# Tarantula Gloves?



## Musicwolf (Dec 18, 2010)

This may be way out there, but since I'm in police work anyway . . . I've started working in my T enclosures with my kevlar gloves. I'm just curious if they would actually thwart a T bite or if I'm just making myself feel better with a placibo. I realize that no glove is completely "pierce proof", but kevlar is certainly resistant to needle sticks etc.

The differences I can think of are thickness of T fangs vs. hypodermic needles, purposeful biting by a T vs. accidental needle sticks, and on the opposite side, I'm a bit stronger than a T when I'm searching someone.

Any thoughts or info. that I haven't come up with?

Reactions: Face Palm 1


----------



## Scoolman (Dec 18, 2010)

If the weave of your gloves is dense enough to prevent a hypodermic needle from getting through I think they might work. Perhaps you should do a test with something of similar diameter to a tarantula fang to see how much force is needed to pierce the glove.


----------



## Poxicator (Dec 18, 2010)

Out of interest what species do you keep?
There's very little reason for protective gloves for most of the NW species.

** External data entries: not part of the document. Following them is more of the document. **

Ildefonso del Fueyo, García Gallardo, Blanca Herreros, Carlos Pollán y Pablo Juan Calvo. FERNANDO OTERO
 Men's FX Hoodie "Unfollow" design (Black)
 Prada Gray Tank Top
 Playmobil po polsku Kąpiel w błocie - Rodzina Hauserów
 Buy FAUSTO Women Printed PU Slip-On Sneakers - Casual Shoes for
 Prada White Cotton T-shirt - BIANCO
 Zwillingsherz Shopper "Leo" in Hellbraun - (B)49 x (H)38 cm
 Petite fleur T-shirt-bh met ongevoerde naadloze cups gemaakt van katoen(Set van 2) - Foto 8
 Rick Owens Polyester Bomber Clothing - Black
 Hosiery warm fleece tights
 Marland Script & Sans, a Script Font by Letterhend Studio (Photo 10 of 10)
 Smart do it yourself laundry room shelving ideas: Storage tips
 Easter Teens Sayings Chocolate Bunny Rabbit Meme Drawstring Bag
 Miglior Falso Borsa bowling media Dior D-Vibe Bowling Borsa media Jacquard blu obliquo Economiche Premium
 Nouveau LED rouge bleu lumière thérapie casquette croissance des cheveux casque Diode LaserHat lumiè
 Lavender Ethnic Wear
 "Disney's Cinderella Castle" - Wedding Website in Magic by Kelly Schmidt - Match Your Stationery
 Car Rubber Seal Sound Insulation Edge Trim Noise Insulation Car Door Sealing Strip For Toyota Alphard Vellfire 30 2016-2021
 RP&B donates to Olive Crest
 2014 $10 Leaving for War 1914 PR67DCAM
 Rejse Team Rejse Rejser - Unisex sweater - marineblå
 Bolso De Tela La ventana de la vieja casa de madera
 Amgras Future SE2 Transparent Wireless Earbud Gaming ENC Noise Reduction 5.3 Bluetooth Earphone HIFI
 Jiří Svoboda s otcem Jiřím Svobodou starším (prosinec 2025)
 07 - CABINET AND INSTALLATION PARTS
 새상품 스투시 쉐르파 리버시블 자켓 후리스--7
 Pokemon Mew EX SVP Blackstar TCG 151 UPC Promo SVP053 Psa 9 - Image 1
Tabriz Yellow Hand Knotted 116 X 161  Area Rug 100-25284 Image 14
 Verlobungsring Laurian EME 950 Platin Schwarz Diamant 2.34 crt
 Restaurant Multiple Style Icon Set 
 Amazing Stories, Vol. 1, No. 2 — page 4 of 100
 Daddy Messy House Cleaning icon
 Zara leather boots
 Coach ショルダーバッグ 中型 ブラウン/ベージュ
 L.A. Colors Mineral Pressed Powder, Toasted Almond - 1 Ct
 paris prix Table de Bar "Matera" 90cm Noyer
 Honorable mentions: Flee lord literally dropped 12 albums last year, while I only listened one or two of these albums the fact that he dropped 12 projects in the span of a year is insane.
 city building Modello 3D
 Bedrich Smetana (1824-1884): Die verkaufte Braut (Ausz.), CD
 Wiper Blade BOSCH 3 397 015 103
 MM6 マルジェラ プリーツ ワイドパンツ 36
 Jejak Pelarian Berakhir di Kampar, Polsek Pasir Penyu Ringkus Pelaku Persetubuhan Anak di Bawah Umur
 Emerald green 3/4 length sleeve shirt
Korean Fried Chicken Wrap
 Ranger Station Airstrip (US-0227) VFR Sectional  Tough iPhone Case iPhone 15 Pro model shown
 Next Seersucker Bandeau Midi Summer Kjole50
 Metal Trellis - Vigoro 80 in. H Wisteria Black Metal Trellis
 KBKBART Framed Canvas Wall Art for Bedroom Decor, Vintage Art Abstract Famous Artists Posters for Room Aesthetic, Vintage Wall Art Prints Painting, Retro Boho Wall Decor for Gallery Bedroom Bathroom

I think a test with a strong strike with a needle would provide the answer.


----------



## Musicwolf (Dec 18, 2010)

Poxicator said:


> Out of interest what species do you keep?
> There's very little reason for protective gloves for most of the NW species.
> 
> I think a test with a strong strike with a needle would provide the answer.



I'm currently keeping 17 species of tarantulas - about half OW (complete list on my profile). My 4 species of Pokies, H. lividum, and my two Australians - Phlogius sp. "pq113" (no recorded bites, but they are Australian and could be significant) are the ones that most make me respectful of bite precautions.

Anyway, I know for a fact that a "strong" strike with a needle can pierce the gloves - they are only resistant. What I don't know is how strong tarantula bites are. I can get a needle through the gloves, but it does take a little effort.


----------



## Mez (Dec 18, 2010)

Hex Armor Gloves are war people are using with front fang venomous and they seem to work...there are YouTube demos with needles etc.


----------



## briarpatch10 (Dec 18, 2010)

I used hex armor gloves when I worked in corrections and they work like a charm...never got a stick and found several needles in pockets.. If any glove works on t fangs these will..


----------



## Scorpionking20 (Dec 18, 2010)

That's a great question.  If you have a scale, hold the needle on it and see where it gets to while you are pressing the glove on it.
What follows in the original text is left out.